The Issue and Decision
At issue was the interpretation of the consent provision in the facility agreement and what was meant by “such approval not to be unreasonably withheld or delayed”. The borrower did not accept that the bank’s requirement for further security as a condition of consent to be a legitimate or a reasonable basis for its refusal. The borrower argued that the question of reasonable consent must be determined by reference to the proposed sale price of the property. It was therefore the borrower’s argument that if the sale price is a reasonable price in the sense that it approximates to market value or fair market value, then they should be free to sell it and the bank must give consent.
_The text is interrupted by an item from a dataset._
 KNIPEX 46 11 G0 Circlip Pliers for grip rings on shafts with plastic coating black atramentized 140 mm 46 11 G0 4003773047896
The Court held that the bank’s refusal to consent to the sale of the Property was unreasonable. The Court applied an objective test of reasonableness on the basis that it could not see how the scope of terms of the facility agreement could go any further than permitting the disposal of the Property at a proper price.
Although the Court accepted that the sale would have left a shortfall (€1.7 million), the value of the Property was considerably less than the outstanding indebtedness at the time the amendments were entered into and there was no prospect of the value increasing. The Court added that had the bank wanted security to cover such shortfall, it would have asked for it before entering into the amendments. The Court therefore concluded that the bank’s reasons for refusing the sale had no connection with the aim of obtaining a sale at a proper value, but was to reduce the bank’s shortfall.
The Court did, however, state the bank might reasonably have wished to postpone the sale, where it was clear that a delayed sale was bound to achieve a much better price. An example of such a situation which the Court gave is where a very lucrative planning permission was about to be granted; but the Court noted that this was not relevant in the present case.
It is standard in finance documents for a lender’s consent to be required on a variety of matters (such as disposals of assets) and the qualification for that consent “not to be unreasonably withheld or delayed” is a common qualification that borrowers may insert. What this decision highlights is that lenders should be wary of any qualification of their rights that are pegged to reasonableness. The Courts have made clear that whilst the facts of each case will be different, the Court’s approach will be to apply an objective test for reasonableness. This means that a borrower could challenge a lender’s decision to refuse consent. Furthermore, the case shows that if a lender wants to refuse consent on specific grounds (or for certain pre-conditions to be met first), then it would be best for these grounds (or pre-conditions) to be expressly incorporated prior to execution of the document.